MANHATTAN, Kan. – Black Friday and Cyber Week may be behind us, but the holiday shopping season is still in full swing. According to Nielsen (http://www.nielsen.com/us/en/insights/news/2015/sleigh-bells-ring-in-october.html), U.S. consumers are expected to spend 2 percent more on the holidays in 2015 compared to last year, even though many still feel the effects of the recession. In fact, about 40 percent of Americans are still living paycheck to paycheck.
Elizabeth Kiss, associate professor at Kansas State University and family resource management specialist for K-State Research and Extension, said consumers can shop adequately for the holidays without blowing their budget. This means being creative with gift giving and making lists of everything needed for the holidays.
“Lists are important, not only for gifts but also for hospitality items, food and decorations,” Kiss said. “(Making lists) is the best way to keep track of what you’re spending.”
“With your list, try to put dollar amounts next to things so you have a spending plan,” she continued. “Once you have all of your different lists together, I imagine it will be an eye-opener for how much you plan to spend. It typically is for me.”

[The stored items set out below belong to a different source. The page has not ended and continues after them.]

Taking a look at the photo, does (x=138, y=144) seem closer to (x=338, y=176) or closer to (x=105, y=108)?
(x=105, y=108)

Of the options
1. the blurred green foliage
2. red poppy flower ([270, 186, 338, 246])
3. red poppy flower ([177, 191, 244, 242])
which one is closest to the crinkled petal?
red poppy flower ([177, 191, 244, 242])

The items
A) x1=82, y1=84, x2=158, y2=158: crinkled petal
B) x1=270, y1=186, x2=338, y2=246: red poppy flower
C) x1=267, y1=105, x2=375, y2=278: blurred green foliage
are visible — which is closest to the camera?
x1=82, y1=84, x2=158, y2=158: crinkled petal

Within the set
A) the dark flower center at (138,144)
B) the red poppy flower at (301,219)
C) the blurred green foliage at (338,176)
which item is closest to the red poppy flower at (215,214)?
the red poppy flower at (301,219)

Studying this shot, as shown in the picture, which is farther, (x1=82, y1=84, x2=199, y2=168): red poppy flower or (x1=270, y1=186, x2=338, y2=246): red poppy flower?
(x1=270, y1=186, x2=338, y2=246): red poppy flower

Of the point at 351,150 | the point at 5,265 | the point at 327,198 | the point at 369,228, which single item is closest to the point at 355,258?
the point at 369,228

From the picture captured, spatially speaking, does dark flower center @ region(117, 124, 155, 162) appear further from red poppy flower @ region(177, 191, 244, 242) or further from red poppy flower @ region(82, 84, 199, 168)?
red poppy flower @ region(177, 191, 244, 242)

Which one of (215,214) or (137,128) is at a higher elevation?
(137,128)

Kiss said you can then ask yourself, is this how much I want to or can spend? If not, on what can I scale back? How could I do something differently that perhaps won’t cost as much money or any money?
Thinking outside of the box
Re-gifting often gets a bad name, Kiss said, but if you have things that you know someone on your list values, perhaps an item that has been passed down through the family or something that person could use that you’re not using, it could be the best gift to give.
“Include a nice, heartfelt message to go with it,” she said. “If you can trace the history of some of these items, it can be a wonderful thing for that person.”
Shopping, however, is often a recreational activity that people enjoy doing for loved ones. If you buy gifts online or in stores, Kiss advises first doing your research.
“When you buy a gift, you always want to know if the person return it for cash,” Kiss said. “Or, can they exchange it for store credit? Is there a time limit?”
Most gift cards, she said, have an infinite use-by date, but it doesn’t hurt to double check if any conditions exist.
If shopping online, Kiss cautions that planning ahead is even more important. This will ensure the gift arrives before the holidays and you don’t have to pay extra for express shipping.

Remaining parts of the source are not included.